- Litjotjela Geographic Center of Community
- Coordinates: 28°56′03″S 28°01′24″E﻿ / ﻿28.93417°S 28.02333°E
- Country: Lesotho
- District: Leribe District
- Elevation: 5,620 ft (1,713 m)

Population (2006)
- • Total: 21,383
- Time zone: UTC+2 (CAT)

= Litjotjela =

Litjotjela is a community council located in the Leribe District of Lesotho, which is a small country in Southern Africa.
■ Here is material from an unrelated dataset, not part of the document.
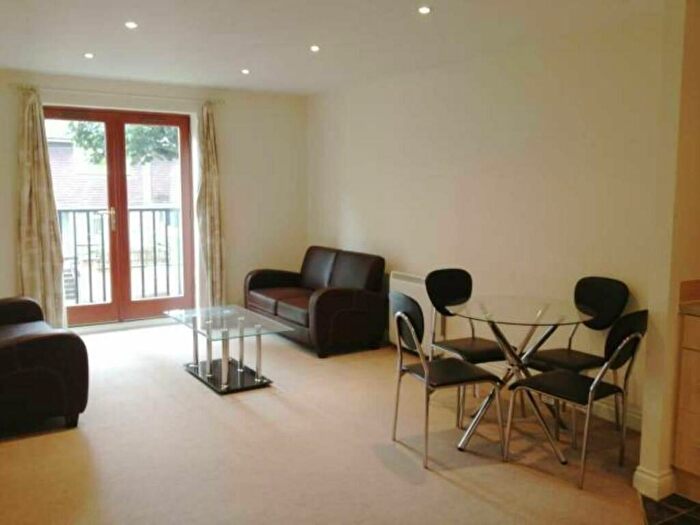 2 Bedroom Flat To Rent In Vivian Court, Vivian Avenue, Nottingham, Nottinghamshire, NG5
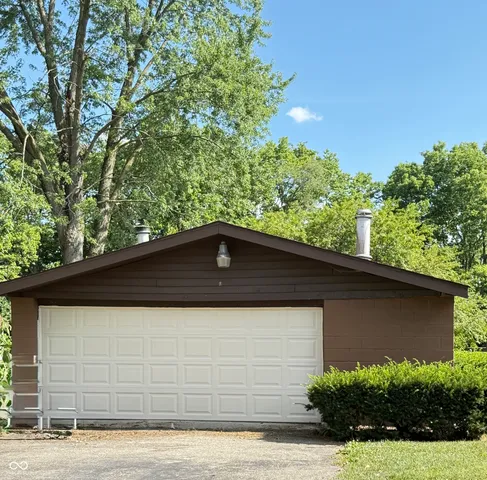 $349,900 | 423 West Thompson Road, Indianapolis, IN 46217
Its population in 2006 was 21,383.

==Villages==
The community of Litjotjela includes the villages of Bothoba-Pelo, Ha Eti (Linotšing), Ha Hoki, Ha Jane (Boinyatso), Ha Lechesa, Ha Lesala, Ha Leshoele, Ha Leshoele (Likhakeng), Ha Lesitsi (Likhakeng), Ha Letuka (Matukeng), Ha Libe, Ha Mahlehle (Likhakeng), Ha Mahlomola (Likhakeng), Ha Malimatle (Matukeng), Ha Masaleng (Ha Mokokoana), Ha Mohlolo (Ha Molupe), Ha Mojapela, Ha Mojela ('Muela), Ha Mokokoana, Ha Morolong ('Muela), Ha Morolong (Likhakeng), Ha Motetepa, Ha Mpopo, Ha Nthako, Ha Ntholi, Ha Nyarela (Tsikoane), Ha Peete, Ha Pitere, Ha Potloane (Tsikoane), Ha Potso (Lipelaneng), Ha Qokolo, Ha Ramoloi (Linotšing), Ha Ranku (Mapheaneng), Ha Sebe, Ha Sekoto, Ha Setenane (Phatlalla), Ha Setho ('Muela), Ha Tšaba-Lira, Ha Tšupane, Hloahloeng, Hloahloeng (Ha Poulo), Lenyakoane, Leqhutsung (Moreneng), Leralleng, Linotsing (Ha Mokokoana), Maebeng, Mahlabatheng, Majakaneng, Mankhololi, Masieeng, Matjelong (Ha Mohale), Matsoapong (Matukeng), Matukeng, Ramosenyehi, Seqhobong, Tsekong and Tsikoane.